Caddying subsequently led to a couple of other golf-related jobs at Columbine — working in the bag room, retrieving member’s bags and washing their clubs after rounds; then as the caddiemaster and starter at the club. It was during that period that Columbine’s PGA head professional at the time, Tony Novitsky, was kind enough to set me up for the loop of a lifetime — caddying for my favorite player, Jack Nicklaus, in a 1981 exhibition he played with Tom Watson and Dow Finsterwald at Pinehurst Country Club.

Perhaps most importantly, caddying as a teenager led to the amazing good fortune of receiving an Evans Scholarship to the University of Colorado, where I lived with other caddies and developed lifelong friendships and relationships. And that paved the way to a career as a sports writer, with one of my main beats over the decades being golf. And that presented opportunities to meet so many amazing people in the sport, many of whom have played prominent roles in stories over the years.

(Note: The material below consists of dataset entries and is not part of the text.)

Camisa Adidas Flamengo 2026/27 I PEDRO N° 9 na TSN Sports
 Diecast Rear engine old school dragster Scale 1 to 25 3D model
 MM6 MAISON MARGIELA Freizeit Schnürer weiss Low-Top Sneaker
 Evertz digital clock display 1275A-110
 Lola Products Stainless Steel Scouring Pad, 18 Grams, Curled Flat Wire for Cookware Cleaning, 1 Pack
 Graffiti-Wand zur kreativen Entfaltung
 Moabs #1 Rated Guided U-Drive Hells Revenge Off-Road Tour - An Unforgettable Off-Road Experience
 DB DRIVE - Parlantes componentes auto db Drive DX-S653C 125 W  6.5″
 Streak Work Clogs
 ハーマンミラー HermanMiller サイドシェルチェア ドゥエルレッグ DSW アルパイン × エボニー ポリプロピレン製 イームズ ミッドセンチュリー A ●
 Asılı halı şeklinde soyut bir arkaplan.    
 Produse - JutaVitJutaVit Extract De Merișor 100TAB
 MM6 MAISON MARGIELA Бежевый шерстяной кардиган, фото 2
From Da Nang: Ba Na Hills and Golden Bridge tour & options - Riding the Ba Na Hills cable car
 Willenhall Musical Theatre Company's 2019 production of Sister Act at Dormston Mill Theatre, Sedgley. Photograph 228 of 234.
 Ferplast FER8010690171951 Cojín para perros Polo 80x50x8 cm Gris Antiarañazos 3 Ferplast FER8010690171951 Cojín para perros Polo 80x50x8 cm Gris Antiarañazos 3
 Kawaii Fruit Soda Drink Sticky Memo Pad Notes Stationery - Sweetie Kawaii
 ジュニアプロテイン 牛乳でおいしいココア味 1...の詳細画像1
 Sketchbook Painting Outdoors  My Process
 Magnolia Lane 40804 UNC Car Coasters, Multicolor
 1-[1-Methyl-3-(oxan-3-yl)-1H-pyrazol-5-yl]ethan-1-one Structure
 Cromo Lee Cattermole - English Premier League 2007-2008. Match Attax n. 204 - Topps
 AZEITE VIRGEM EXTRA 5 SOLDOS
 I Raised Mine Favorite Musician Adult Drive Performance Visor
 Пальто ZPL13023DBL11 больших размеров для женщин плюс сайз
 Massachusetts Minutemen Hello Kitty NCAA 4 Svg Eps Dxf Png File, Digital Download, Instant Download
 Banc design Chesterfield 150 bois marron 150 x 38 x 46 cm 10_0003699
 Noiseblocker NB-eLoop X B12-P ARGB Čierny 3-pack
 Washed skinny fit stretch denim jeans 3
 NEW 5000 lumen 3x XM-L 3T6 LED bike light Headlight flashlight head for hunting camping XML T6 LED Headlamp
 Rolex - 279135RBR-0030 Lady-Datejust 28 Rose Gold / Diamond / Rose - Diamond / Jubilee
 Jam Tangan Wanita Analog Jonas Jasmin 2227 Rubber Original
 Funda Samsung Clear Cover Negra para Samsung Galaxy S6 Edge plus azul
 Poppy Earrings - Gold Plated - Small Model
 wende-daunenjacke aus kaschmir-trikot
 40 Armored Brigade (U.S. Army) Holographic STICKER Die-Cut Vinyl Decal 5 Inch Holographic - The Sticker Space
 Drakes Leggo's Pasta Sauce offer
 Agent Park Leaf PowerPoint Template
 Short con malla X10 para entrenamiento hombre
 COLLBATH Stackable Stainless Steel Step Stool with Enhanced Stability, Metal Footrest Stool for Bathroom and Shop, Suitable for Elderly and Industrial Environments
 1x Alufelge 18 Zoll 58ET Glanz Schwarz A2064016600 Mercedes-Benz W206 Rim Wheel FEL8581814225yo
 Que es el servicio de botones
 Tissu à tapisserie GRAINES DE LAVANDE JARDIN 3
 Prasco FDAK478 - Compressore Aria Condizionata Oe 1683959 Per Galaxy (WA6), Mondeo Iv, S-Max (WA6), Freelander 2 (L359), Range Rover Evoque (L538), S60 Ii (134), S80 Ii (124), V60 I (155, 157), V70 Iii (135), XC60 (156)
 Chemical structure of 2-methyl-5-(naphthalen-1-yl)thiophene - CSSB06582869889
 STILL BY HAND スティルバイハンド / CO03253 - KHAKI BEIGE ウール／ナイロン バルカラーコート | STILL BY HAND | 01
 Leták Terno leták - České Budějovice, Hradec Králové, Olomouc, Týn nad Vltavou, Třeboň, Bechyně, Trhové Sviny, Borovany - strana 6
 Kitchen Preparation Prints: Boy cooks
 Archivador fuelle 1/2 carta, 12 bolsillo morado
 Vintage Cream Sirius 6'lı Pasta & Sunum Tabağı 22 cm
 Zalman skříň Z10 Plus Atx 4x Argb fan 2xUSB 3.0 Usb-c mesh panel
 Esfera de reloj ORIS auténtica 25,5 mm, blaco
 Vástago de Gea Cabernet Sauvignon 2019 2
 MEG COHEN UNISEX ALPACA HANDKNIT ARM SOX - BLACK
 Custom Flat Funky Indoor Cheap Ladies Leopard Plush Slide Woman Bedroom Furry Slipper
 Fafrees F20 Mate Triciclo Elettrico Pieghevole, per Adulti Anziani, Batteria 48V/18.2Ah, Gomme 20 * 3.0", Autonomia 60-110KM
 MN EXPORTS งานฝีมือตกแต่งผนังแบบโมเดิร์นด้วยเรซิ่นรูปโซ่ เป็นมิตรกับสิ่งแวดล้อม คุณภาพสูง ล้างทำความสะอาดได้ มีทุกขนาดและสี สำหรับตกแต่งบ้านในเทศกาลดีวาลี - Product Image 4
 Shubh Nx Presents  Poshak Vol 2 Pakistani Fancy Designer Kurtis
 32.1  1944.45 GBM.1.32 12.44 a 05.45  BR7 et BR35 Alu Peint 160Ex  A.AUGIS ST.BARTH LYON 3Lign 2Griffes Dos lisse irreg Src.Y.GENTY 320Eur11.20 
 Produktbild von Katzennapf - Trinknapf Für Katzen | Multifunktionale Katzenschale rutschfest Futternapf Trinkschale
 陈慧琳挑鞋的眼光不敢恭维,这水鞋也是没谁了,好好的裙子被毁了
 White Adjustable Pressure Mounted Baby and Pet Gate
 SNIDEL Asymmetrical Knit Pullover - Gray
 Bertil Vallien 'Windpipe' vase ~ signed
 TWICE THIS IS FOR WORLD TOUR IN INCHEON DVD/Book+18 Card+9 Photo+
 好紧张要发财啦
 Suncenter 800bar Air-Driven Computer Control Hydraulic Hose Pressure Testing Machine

The tree behind the ninth green at Columbine where caddies once waited for their loops.

And, I should add, all three of my daughters also went down the caddying path —  in their case at Boulder Country Club — making it three generations worth of loopers in the family. They also were lucky enough to become Evans Scholars at CU.

In all likelihood, all that falling of the dominoes never would have happened had I not taken those early morning bike rides over to Columbine for the caddie draws way back when.

Caddying itself teaches so many valuable lessons — some directly and some through a kind of osmosis. As noted, it trains you to be on time and teaches the value — monetarily and otherwise — and satisfaction of hard work and perseverance. Beyond that, caddies learn — if they didn’t already know — how to be courteous, and how to effectively interact with adults other than their parents, teachers, neighbors, coaches and the like. And that just scratches the surface of the lessons.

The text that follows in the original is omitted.